Nice job thumbup1.gif

#32 BBCoach

BBCoach

    HR 5

  • Moderator
  • 402 posts

Posted 26 May 2009 - 12:28 PM

QUOTE
Really , wow, does it crawl and index or do an 'on-the-fly' crawl of the pages.
It crawls and indexes both on either a schedule or continuously.

QUOTE
I could write a script which did a directory listing, scanned each page it found in the directory looking for a text-match and then list the results with hyperlinks to the pages it found, probably all within an a hour or so.
Yes you can, but then there's the work for analyzing search phrases found/not found and click-thrus (if any). Writing a spider is almost trivial in .NET, but the other stuff is way harder and time-consuming. That's why I recommended the purchase of a search appliance which also takes any load off of the web servers and dBs. Very important with a highly trafficked site.

#33 1dmf

1dmf

    Keep Asking, Keep Questioning, Keep Learning

  • Active Members
  • PipPipPipPipPipPipPip
  • 2,167 posts
  • Location:Worthing - England

Posted 27 May 2009 - 03:50 AM

ah so it runs as a website plugin where really it's embeded or iframed into the webpage and actually runs on a separate server.

though i'm interested to see how long it would take to scan every html file on a site with @ 50 pages, extracting the text only via regex and doing a string match.

hmm, I see a self appointed task coming on here, thanks for the insight.

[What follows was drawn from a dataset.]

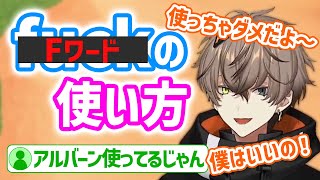 f*ckって結局使っていいの？【アルバーン・ノックス/Alban Knox/NIJISANJI EN/にじさんじEN/Noctyx/切り抜き/日本語】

Not sure how to index stuff, once knew a coder who wrote an indexing algo for a book shop in C with an informix backend, wow was it fast, that's a bit out my league, but I shall have a play with an on the fly search and see what the overhead is.

As you say it's also relative to visitor volumes , server load and search volumes, I've never been in a position to have to worry about visitor loads on the server, unlike you experts!

#34 Gerry White

Gerry White

    HR 2

  • Active Members
  • PipPip
  • 48 posts
  • Location:UK

Posted 27 May 2009 - 04:25 AM

QUOTE(1dmf @ May 27 2009, 09:50 AM) View Post
ah so it runs as a website plugin where really it's embeded or iframed into the webpage and actually runs on a separate server.

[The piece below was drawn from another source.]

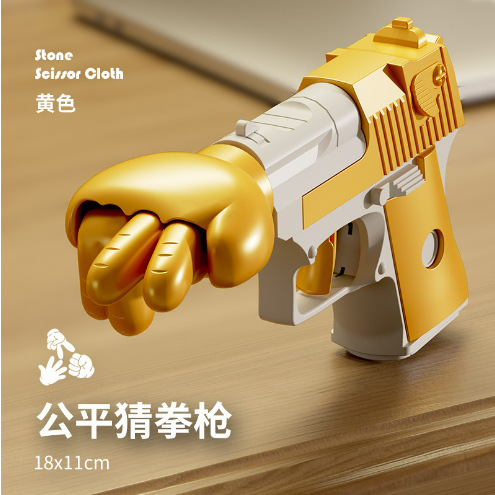 Guess Boxing Gun Yellow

though i'm interested to see how long it would take to scan every html file on a site with @ 50 pages, extracting the text only via regex and doing a string match.

hmm, I see a self appointed task coming on here, thanks for the insight.

Not sure how to index stuff, once knew a coder who wrote an indexing algo for a book shop in C with an informix backend, wow was it fast, that's a bit out my league, but I shall have a play with an on the fly search and see what the overhead is.

As you say it's also relative to visitor volumes , server load and search volumes, I've never been in a position to have to worry about visitor loads on the server, unlike you experts!


There is WAY more to a insite search engine than that
1. Stop words (words to ignore by a search engine, typically what, where how
2. Stemming
3. Synomyns (and of course spelling correction)
4. Fuzz Logic,
5. Prioritisation (ranking)
6. which parts of a page to index, not too (should it index related products for example)
7. Metadata to include in the search results ...

Yes, I have written basic search algorithims in the past, but I would NEVER recommend one of my scripts for a higher level ecommerce site, I would also be nervous about using googles "black box" solution...

I hate to say it, but search is a vital part of a larger ecommerce site - if you have 50 product pages then I would guess you wouldn't need an advanced search, but say you have 50 different bags, wouldn't you want to search for "laptop" or "Airline"?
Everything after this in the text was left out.